We executed tests on a locally deployed ledger canister, specifically the latest one from the SNSW. The testing process involved receiving a large volume of tokens and dividing these by sending 10,000 transactions to various accounts. These recipient accounts then forwarded the transactions to other accounts until the transaction amount fell below the transaction fee. This strategy allowed us to initiate with sufficient tokens for 20,000 transactions and assess the total number of transactions successfully processed at the end of the test.
Throughout the testing phase, we frequently stopped and restarted both the test canister equipped with this library and the ledger itself. Additionally, we performed several upgrades to the test canister during the testing period. Despite these interruptions, our trials consistently showed that no transactions were lost, whether in the sending or receiving phases.
We further tested the system's resilience by intentionally causing the replica to generate errors during the sending process. These induced errors did not disrupt the queue's functionality.

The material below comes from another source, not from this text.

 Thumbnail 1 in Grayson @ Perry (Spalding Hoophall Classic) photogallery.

This testing was conducted exclusively with NNS blessed ICRC ledger developed by Dfinity, excluding the ICP ledger due to its distinct transaction log structure. It is important to note that the performance and reliability observed may not directly translate to other ledgers. The functionality of this library is contingent upon two key features: deduplication and the get_transactions method, which are slated for replacement with the upcoming ICRC-3 protocol. For optimal performance, both features must operate flawlessly.
Sending to Library Queue: Limited only by canister memory and instruction limits. Sending from Queue to Ledger: ~45 tx/s Reading from Ledger: ~250 tx/s
Execute 20,000 transactions (the ledger is configured to split the archive after every 10,000 transactions). Obtain a hash from all account balances owned by the canister. Reinstall the canister and start from block 0 (removing hooks). Generate a second hash and compare it to the first; the two hashes should match. Additionally, retrieve all accounts using the new accounts function and directly check their balances by calling the ledger. Compare both sets of balances to ensure they match. The library has passed this test multiple times.
DeVeFi exchange vector has automated tests using Pocket IC. The test environment deploys:
- ckBTC (ICRC) ledger
- NTN (ICRC) ledger
- ICP ledger
- Defi aggregator mock canister
- DeVeFi exchange vector agent
The first test ensures that the entire system functions correctly: vectors are created, ledger indexing is operational, prices are retrieved, tokens are traded, transactions are logged, and the traded tokens reach their destination addresses.
The second test initiates 1000 vectors, half of which are ICP->ckBTC and the other half ckBTC->ICP, all with variable pseudo-random algorithm parameters. The system then sends tokens to their source addresses and allows sufficient time for these vectors to find matches. The outcome is several thousand trade transactions that are deterministically snapshotted. Any alterations in the vector code algorithms will produce a different snapshot, triggering an alert to signal the change. Additionally, these snapshots can be scrutinized to verify that trades have occurred as expected.